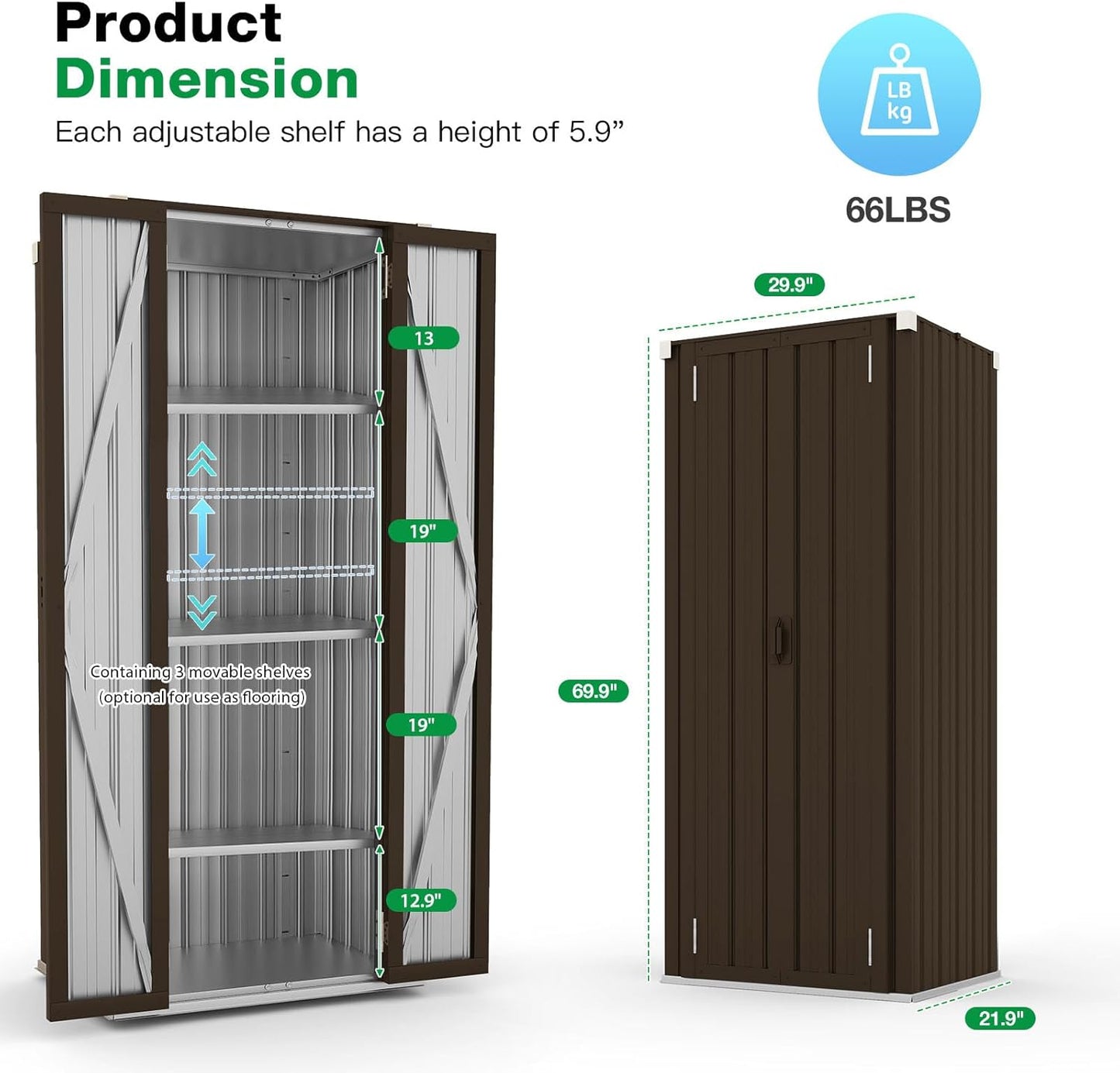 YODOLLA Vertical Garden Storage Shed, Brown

* * *

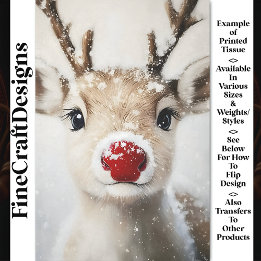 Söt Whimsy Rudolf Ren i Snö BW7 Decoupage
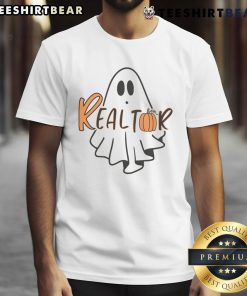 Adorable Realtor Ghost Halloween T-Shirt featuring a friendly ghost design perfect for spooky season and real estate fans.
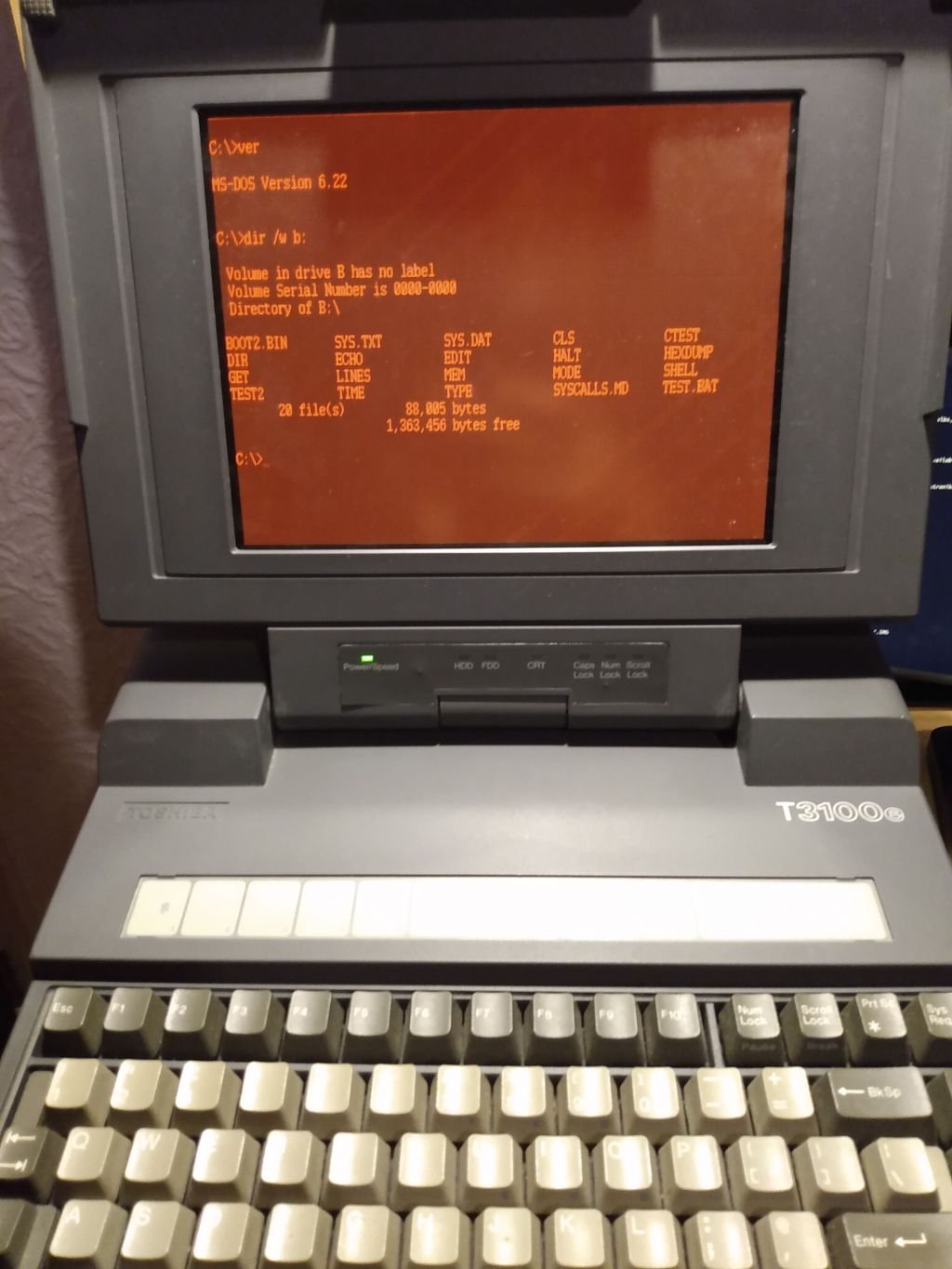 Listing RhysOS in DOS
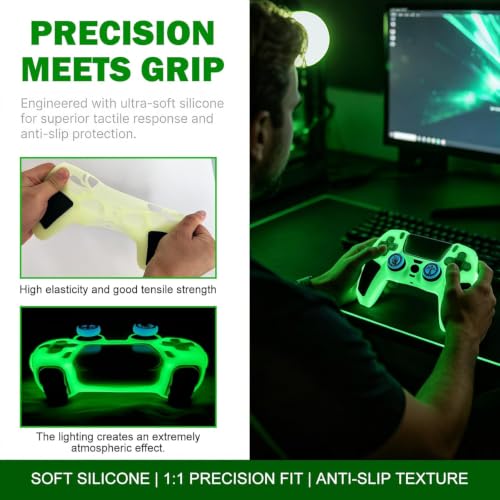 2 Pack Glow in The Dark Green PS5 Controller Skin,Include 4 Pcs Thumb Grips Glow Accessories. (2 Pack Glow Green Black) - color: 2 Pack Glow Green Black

==

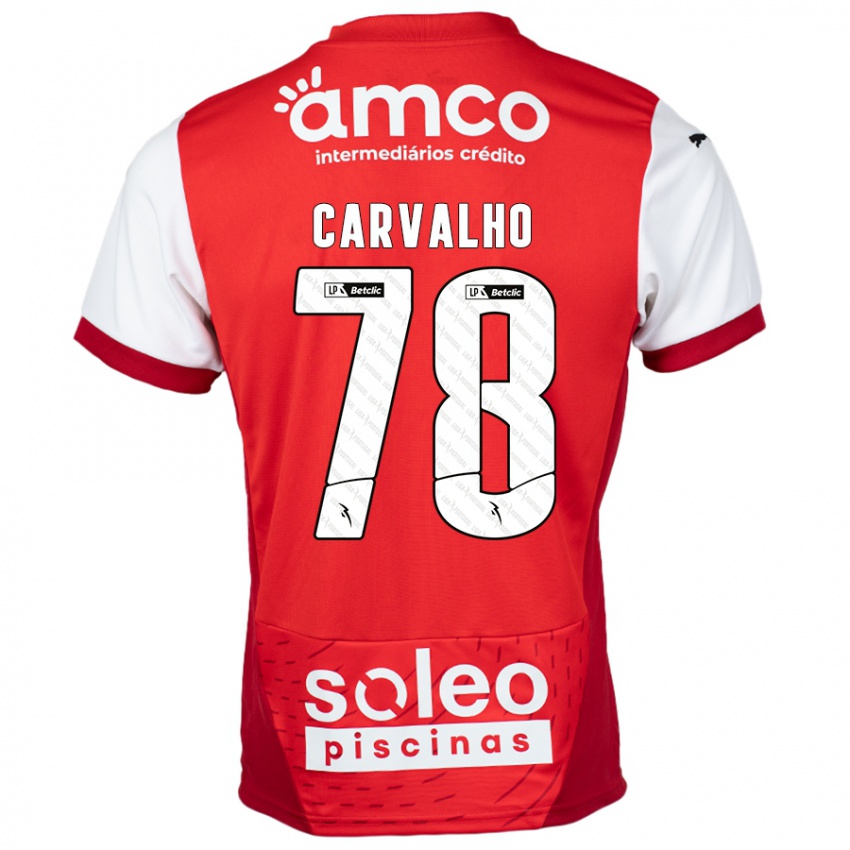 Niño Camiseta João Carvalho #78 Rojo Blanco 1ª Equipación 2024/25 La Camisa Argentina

#### [Required work]
Output only the lines above from the one containing "Söt Whimsy Rudolf Ren i Snö BW7 Decoupage" to the one containing "2 Pack Glow in", both included, exactly as written and with no pictures.

#### [Exercise result]
 Söt Whimsy Rudolf Ren i Snö BW7 Decoupage
 Adorable Realtor Ghost Halloween T-Shirt featuring a friendly ghost design perfect for spooky season and real estate fans.
 Listing RhysOS in DOS
 2 Pack Glow in The Dark Green PS5 Controller Skin,Include 4 Pcs Thumb Grips Glow Accessories. (2 Pack Glow Green Black) - color: 2 Pack Glow Green Black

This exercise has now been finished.